--- Record excerpts ---

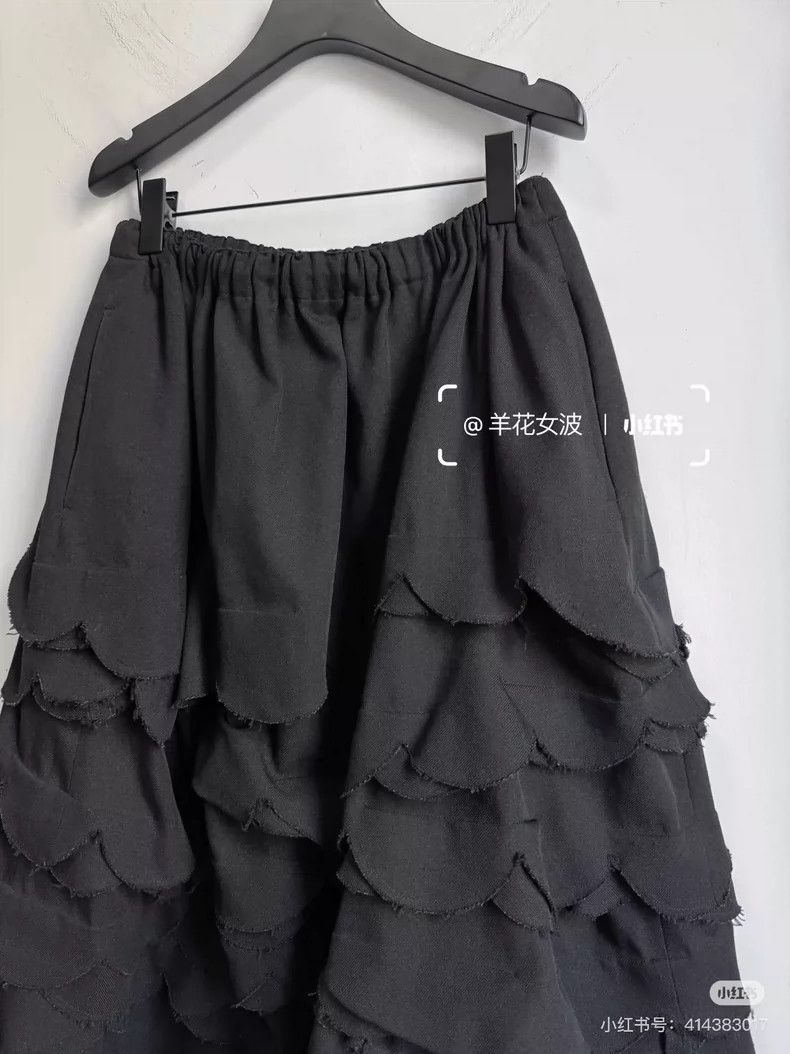 Comme des Garcons Comme Des Garcons size M Black multi-layered irregular pet Size 24" / US 00 / IT 34 - 5 Thumbnail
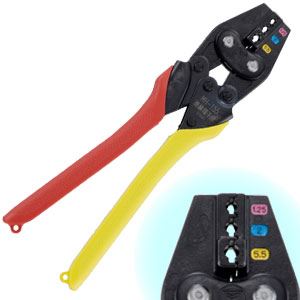 ハンドプレス【絶縁被覆付圧着端子・スリーブ用】 マーベル MH-155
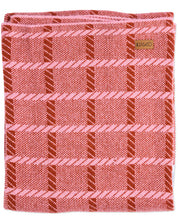 Kip & Co Creme Brulee Check Blanket | Candy Pink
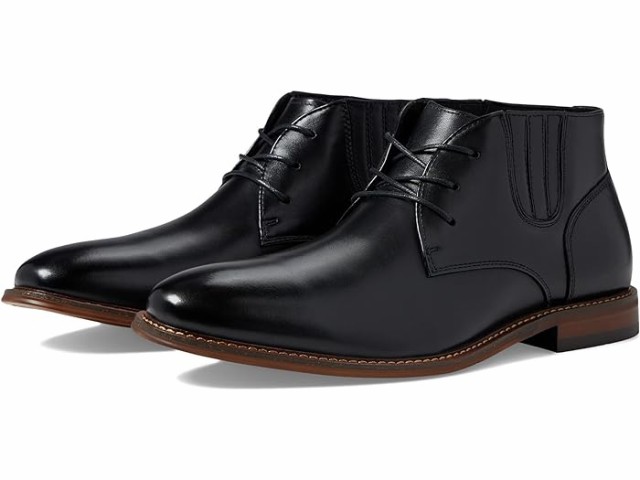(取寄) ステイシー アダムス メンズ マックスウェル プレーン トゥ デミ ブート Stacy Adams men Stacy Adams Maxwell Plain Toe Demi Boot Blackの通販は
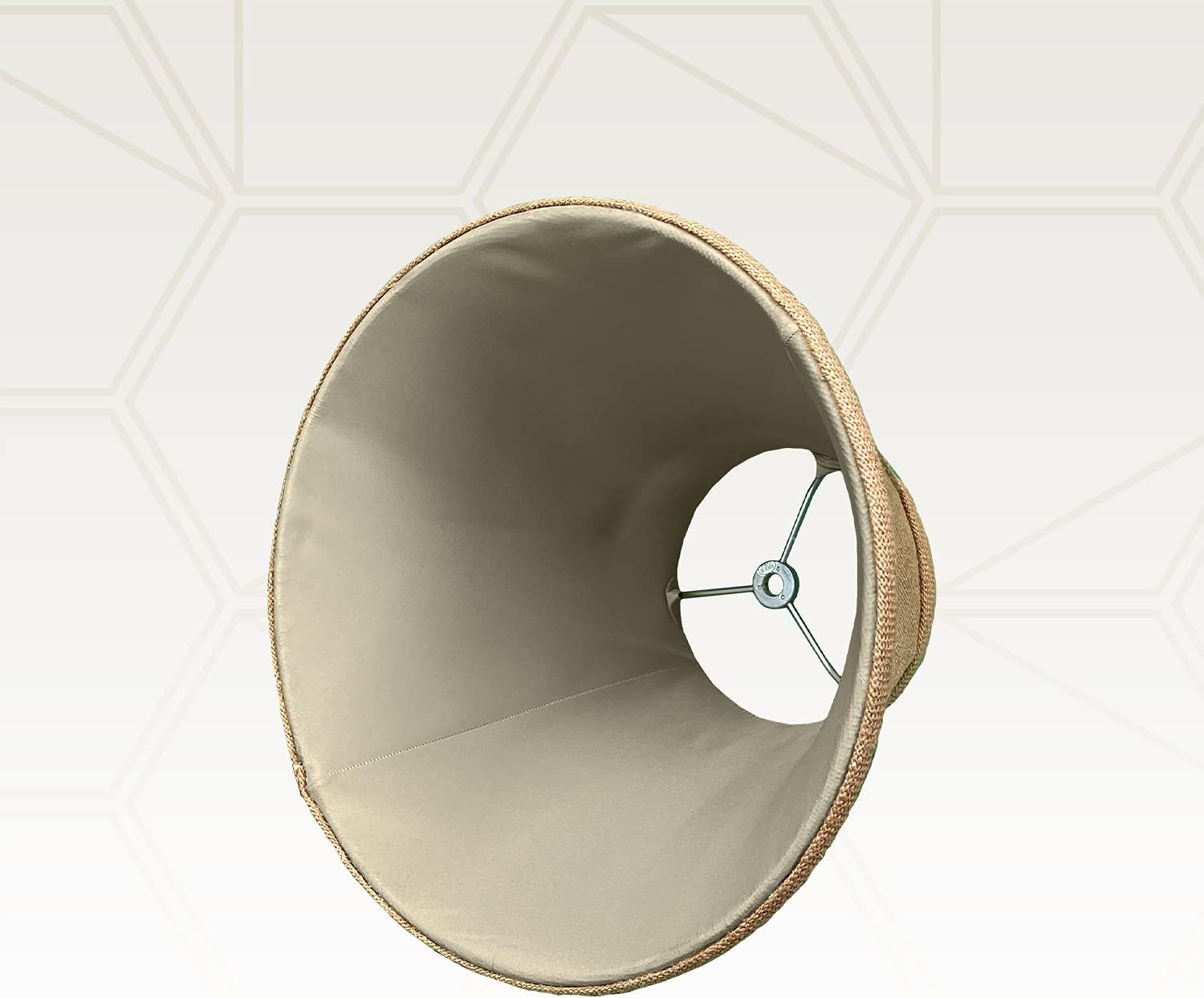 Royal Designs Deep Empire - Paralume in iuta, 9 x 18 x 14 cm - immagine 3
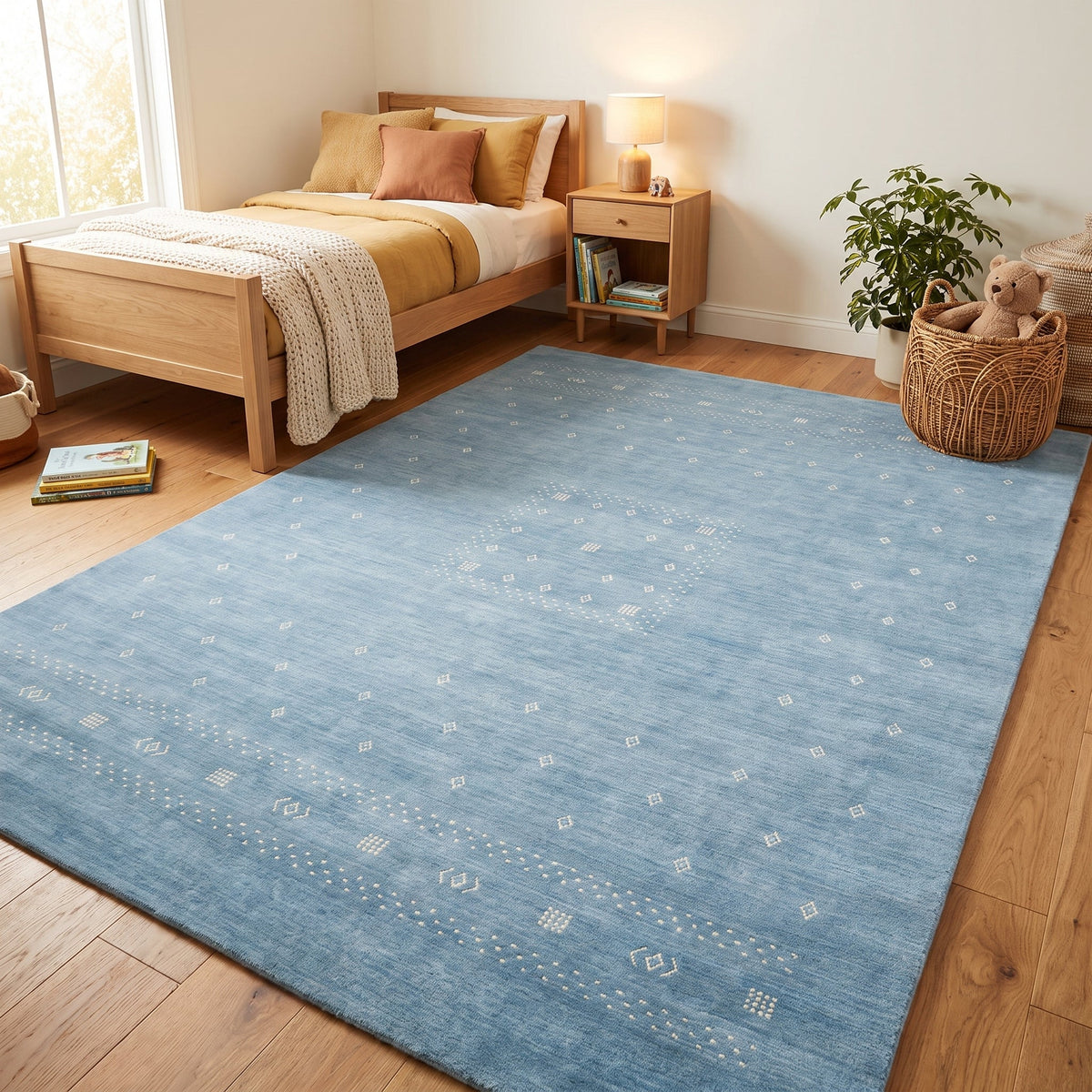 Solo Rugs - Simi Kids Hand Loomed Tribal Area Rug -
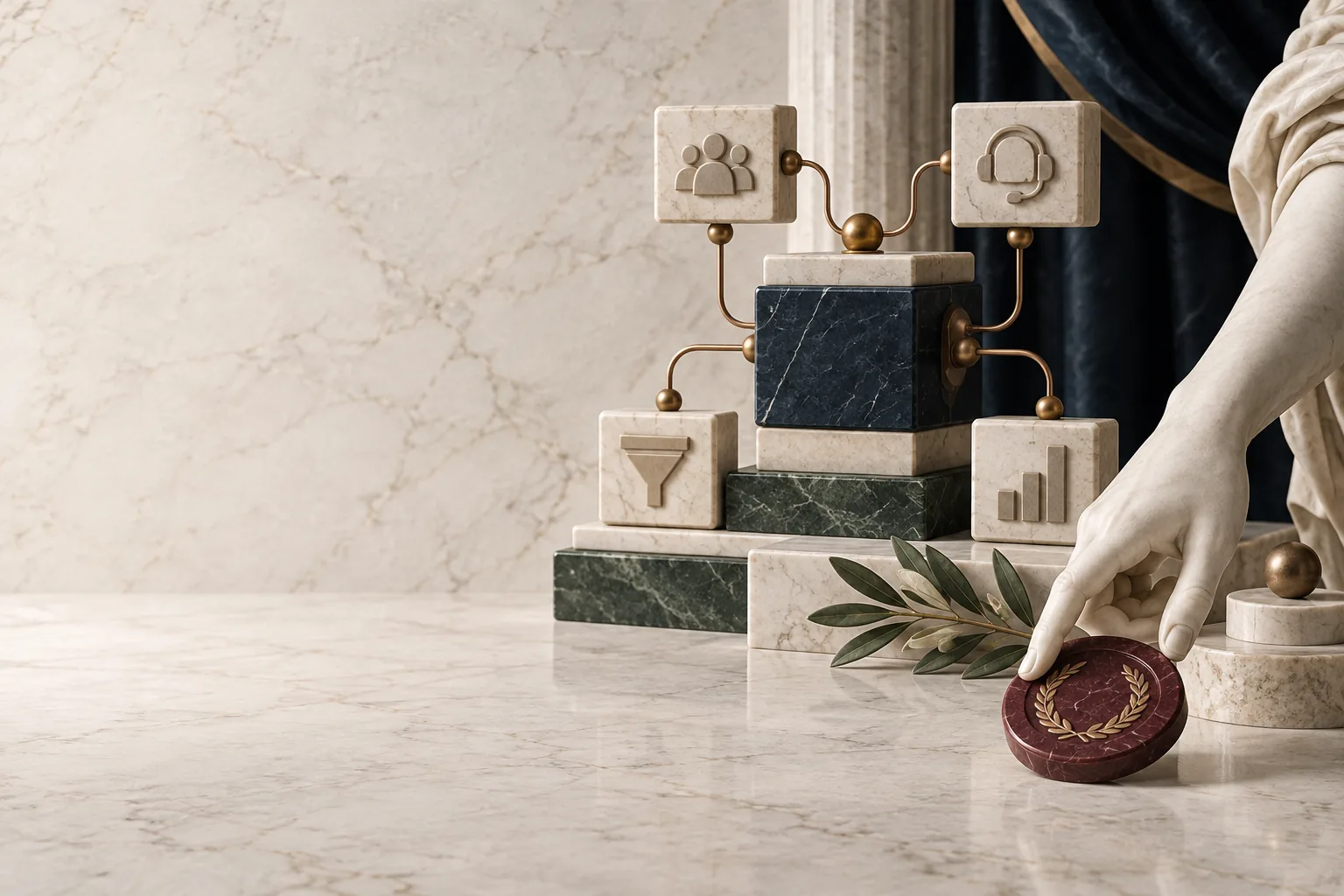 Marble software blocks linking lead intake, support and reporting through a human checkpoint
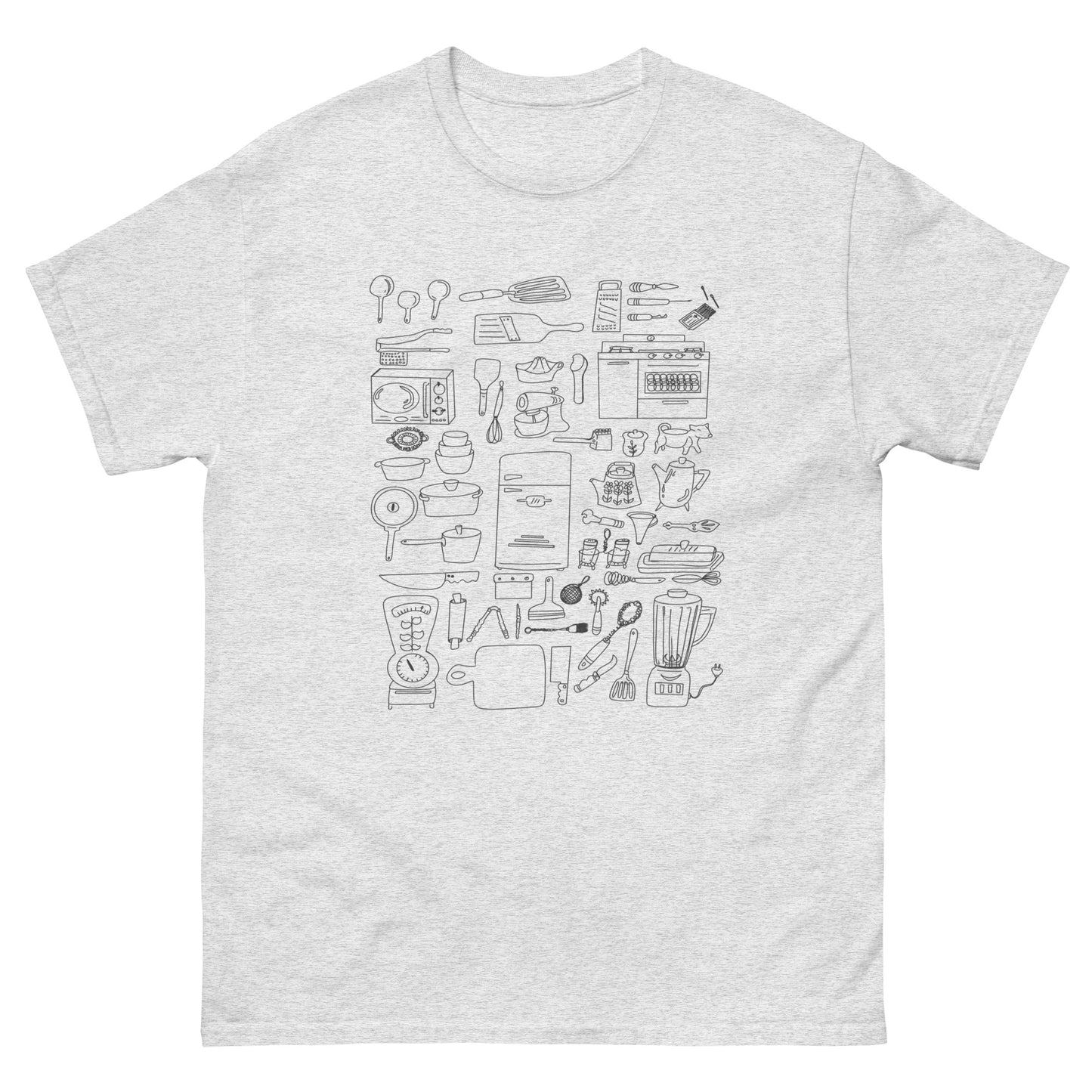 RETRO KITCHEN ACCESSORIES line art unisex classic tee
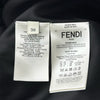 フェンディ FENDI スタンドカラーウールワンピース FDC955 ブラック ウール レディース ワンピース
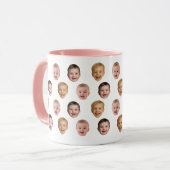 Baby 3 Foto Gezichtsmok, Gepersonaliseerd Cadeau Mok (Voorkant links)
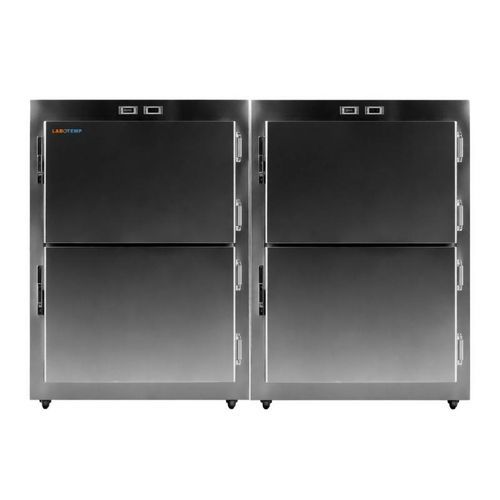 Leichenkühlzelle / 4 Körper - MOR-07 - Labotemp Systems - mit Frontöffnung / auf Rollen / mit Tür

---

● **Assignment**: The entries above need to be repeated word for word, minus their pictures.

● **Response below**:
 Comme des Garcons Comme Des Garcons size M Black multi-layered irregular pet Size 24" / US 00 / IT 34 - 5 Thumbnail
 ハンドプレス【絶縁被覆付圧着端子・スリーブ用】 マーベル MH-155
 Kip & Co Creme Brulee Check Blanket | Candy Pink
(取寄) ステイシー アダムス メンズ マックスウェル プレーン トゥ デミ ブート Stacy Adams men Stacy Adams Maxwell Plain Toe Demi Boot Blackの通販は
 Royal Designs Deep Empire - Paralume in iuta, 9 x 18 x 14 cm - immagine 3
 Solo Rugs - Simi Kids Hand Loomed Tribal Area Rug -
 Marble software blocks linking lead intake, support and reporting through a human checkpoint
 RETRO KITCHEN ACCESSORIES line art unisex classic tee
 フェンディ FENDI スタンドカラーウールワンピース FDC955 ブラック ウール レディース ワンピース
 Baby 3 Foto Gezichtsmok, Gepersonaliseerd Cadeau Mok (Voorkant links)
 Leichenkühlzelle / 4 Körper - MOR-07 - Labotemp Systems - mit Frontöffnung / auf Rollen / mit Tür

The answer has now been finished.